Kalispell Wedge Salad, inspired by the Blue Canyon Kitchen
Servings: 2 large, 4 small
Maple Balsamic Vinaigrette:
½ cup balsamic vinegar
¼ cup maple syrup
1-2 teaspoons Dijon mustard
1 scant cup extra virgin olive oil
½ teaspoon oregano
1 cup chopped pecans
1/4 cup granulated sugar
1 tablespoon butter
Small pinch each of salt and cayenne pepper
*This is more pecans than you will need for this salad but the leftovers might also become your new favorite sundae topping.
½ pint of cherry tomatoes
¼ red onion or 2 green onions
1 6 minute egg per person
1 bunch radishes, chopped
bleu cheese crumbles, to taste
Rinse the head of butter lettuce lightly and let it drain in a colander. Wash the tomatoes and radishes and pat them dry with a towel.

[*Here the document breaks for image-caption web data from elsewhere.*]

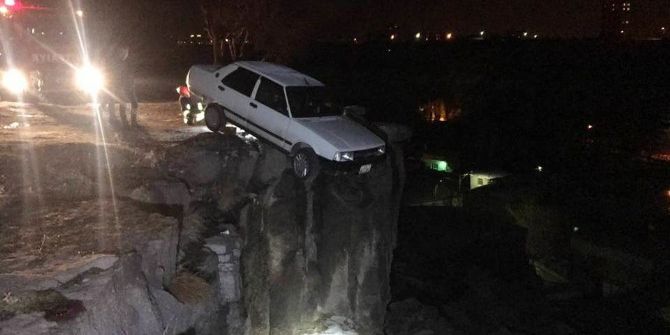 Uçurumda Asılı Kalan Araç Kurtarıldı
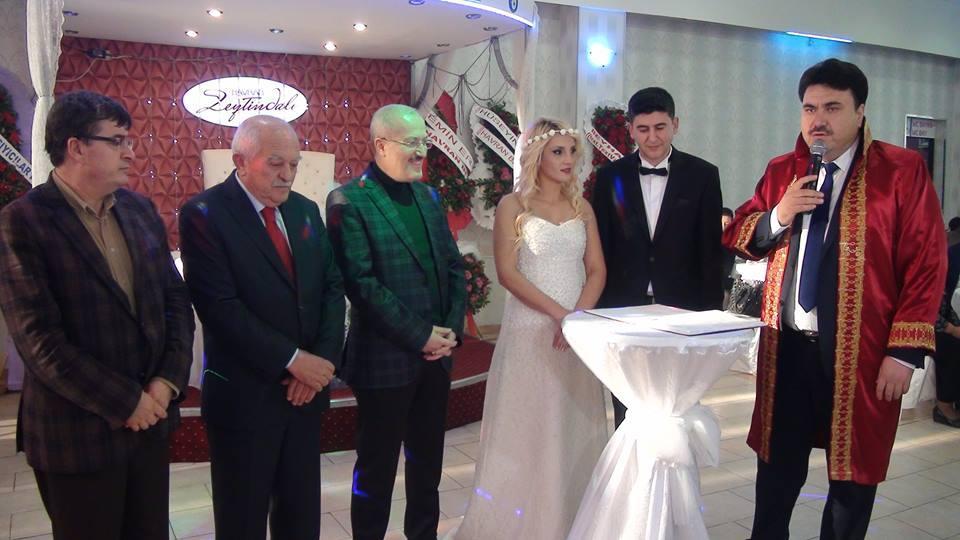 14:MUTLULUĞA KANAT ÇIRPTILAR Belediye Başkanımız Sayın Emin Ersoy Havran Baski Şefi İbrahim Başabakar ile aynı kurumdan çalışan Esra Eren Başabakar'ın düğününe katılarak nikahını kıydı.
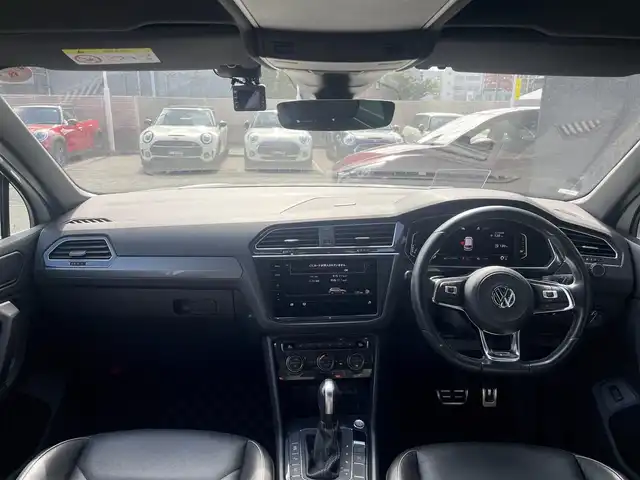 フォルクスワーゲン ティグアン TDI 4モーション Rライン 栃木県 2020(令2)年 6.1万km パール 純正ナビ（BT/AppleCarPlay/AndroidAuto/TV)/全方位カメラ/全席シートヒーター/電動リアゲート/追従機能付きクルーズコントロール/パーキングアシスト/ヘッドアップディスプレイ/社外ドライブレコーダー（前後）/アンビエントライト/オートマチックハイビーム/レーンキープアシスト/ビルトインETC/プッシュスタート/スマートキー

Make the vinaigrette. Combine all ingredients in a jar with a lid. Drizzle in the olive oil and shake until combined. Alternately, use a blender or food processor, first combining all ingredients aside from the oil, then adding the oil in second.
Prepare the pecans. In a skillet or pot, combine the sugar, butter, salt and cayenne, let stand over medium heat to allow all of the granules dissolve into the melted butter. Add the pecans, stirring constantly with a silicone spatula or wooden spoon until the pecans are coated, about 3 minutes. Immediately scrape the nuts onto a sheet of parchment and separate carefully into pieces to cool.
Cook the bacon either in a skillet or, my favorite way, in the convection oven. A standard oven will work too. Depending on the thickness of the bacon, I roast a single layer at 375 for 5 minutes on each side. Roast or fry until the bacon is crispy and crumbles easily in your hands; or if you prefer your bacon on the less crispy side, roast to your liking and chop. Prepare the 6 minute eggs. Half the tomatoes, slice the green onions on a diagonal, and chop radishes into ¼-inch pieces.
Quarter the head of butter lettuce and place on one each plate (for 4 small servings) or two on each plate (for 2 large servings). Add all of the toppings: tomatoes, radishes, green onions, bacon, candied pecans, crumbled bleu cheese, and an egg, halved. Drizzle with vinaigrette and dig in!